The CEO of Toyota has also pushed back against the “all-electric” anti-gasoline demands of politicians. Toyota announced it would keep selling gas-powered cars as a major part of its lineup. Electric vehicles “are just going to take longer than the media would like us to believe,” said CEO Akio Toyoda, the grandson of the company’s founder. “That’s our strategy and we’re sticking to it,” he said.

The average electric vehicle price in the United States is $66,000, or $12,000 more than the median salary, and the costs of replacing electric vehicle batteries after ten years are very high. To replace a battery for a Tesla, Mustang, and Volt costs, respectively $15,000, $23,000, and $29,000.

Now, battery prices are rising. That’s due in part to the fact that lithium, cobalt, and nickel, the key materials in batteries, have soared to record highs. Lithium costs $71,315 per ton which is three times higher than last year.

All of this matters because the conceit behind Newsom’s war on oil refineries, internal combustion vehicles, and oil and gas production, is that we will soon not need any of them. Clearly, many people want to believe this is true.
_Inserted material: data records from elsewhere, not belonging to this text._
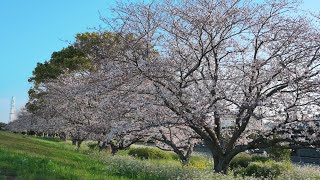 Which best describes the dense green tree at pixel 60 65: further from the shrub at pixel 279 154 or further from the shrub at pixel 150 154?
the shrub at pixel 279 154

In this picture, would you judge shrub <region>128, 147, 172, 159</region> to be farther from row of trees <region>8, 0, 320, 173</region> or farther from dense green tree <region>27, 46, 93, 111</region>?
row of trees <region>8, 0, 320, 173</region>

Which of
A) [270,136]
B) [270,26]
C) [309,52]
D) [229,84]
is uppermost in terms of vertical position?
[270,26]

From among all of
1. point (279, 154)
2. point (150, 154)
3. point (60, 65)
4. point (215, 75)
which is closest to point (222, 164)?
point (215, 75)

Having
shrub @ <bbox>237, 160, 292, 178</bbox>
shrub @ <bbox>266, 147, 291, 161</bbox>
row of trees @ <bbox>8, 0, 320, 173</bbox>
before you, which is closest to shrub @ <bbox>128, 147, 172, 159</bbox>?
shrub @ <bbox>266, 147, 291, 161</bbox>

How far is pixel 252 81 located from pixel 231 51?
1.31 metres

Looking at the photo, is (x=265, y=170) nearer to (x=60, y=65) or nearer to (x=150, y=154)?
(x=150, y=154)

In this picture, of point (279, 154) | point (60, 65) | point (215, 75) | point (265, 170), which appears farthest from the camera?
point (60, 65)

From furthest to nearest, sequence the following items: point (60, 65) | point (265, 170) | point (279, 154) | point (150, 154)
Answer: point (60, 65)
point (150, 154)
point (279, 154)
point (265, 170)

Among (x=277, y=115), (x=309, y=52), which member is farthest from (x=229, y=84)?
(x=309, y=52)

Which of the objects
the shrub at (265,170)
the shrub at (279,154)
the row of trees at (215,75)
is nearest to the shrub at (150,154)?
the shrub at (279,154)

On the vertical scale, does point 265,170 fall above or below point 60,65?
below

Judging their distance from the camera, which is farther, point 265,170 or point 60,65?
point 60,65

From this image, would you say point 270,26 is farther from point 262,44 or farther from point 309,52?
point 309,52

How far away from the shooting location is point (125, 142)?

But the push for electric vehicles will soon crash into a wall of physics, economics, and national security.

In the meantime, pro-abundance environmentalists, consumer advocates, and anyone concerned about national security need to push back against the gaslighting. When Newsom claims, “Crude oil prices are down but oil and gas companies have jacked up prices at the pump in California,” we need to point out the real causes.

There is one thing we might agree with him on: “This doesn’t add up.”